PANews reported on July 3 that according to DL News, the bug bounty platform OpenBounty has been criticized by fellow security researchers because some users discovered that the vulnerability reports they submitted were posted on a public blockchain. When OpenBounty receives reports, it automatically posts the contents of those reports as transactions on Shentu, a blockchain run by OpenBounty's parent company, the Shentu Foundation. The details disclosed include the threat level of the vulnerability, the location of the potentially vulnerable code, and comments from the report author. OpenBounty lists bug bounties offered by more than 30 different crypto projects, with a total deposit value of more than $11 billion.
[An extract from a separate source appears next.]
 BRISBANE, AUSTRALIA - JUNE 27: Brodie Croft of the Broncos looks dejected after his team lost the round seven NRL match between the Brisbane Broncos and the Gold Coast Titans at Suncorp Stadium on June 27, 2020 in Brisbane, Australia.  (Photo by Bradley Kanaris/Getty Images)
Independent security researcher Pascal Caversaccio said it was extremely irresponsible to publicly leak potential vulnerabilities, and any hacker could sift through the reports and exploit them. Security researchers also complained that OpenBounty lists and accepts bug bounty reports from other security companies and crypto projects that they did not authorize. Among the bounties listed on the OpenBounty website are bounties from top decentralized exchange Uniswap and lending protocol Compound. "As a security advisor to Compound DAO at OpenZeppelin, I can authoritatively say that they are not authorized to manage bug bounties on behalf of the protocol," said Michael Lewellen, head of solutions architecture at crypto security company OpenZeppelin. "Listing bounties without permission can have legal consequences," said Dmytro Matviiv, CEO of bug bounty platform HackenProof. "The bug bounty market operates under a well-thought-out legal process. Under this system, permission must be obtained from the bounty issuer before the bounty is placed on the bug bounty platform."

A spokesperson for CertiK confirmed that Shentu, the entity that controls the OpenBounty platform, was once part of CertiK, however, Shentu has been operating autonomously as a separate entity since 2020. However, four years after the split, code on the OpenBounty platform still links to domains with CertiK in the name. However, a spokesperson for CertiK said that these domains are managed independently by Shentu.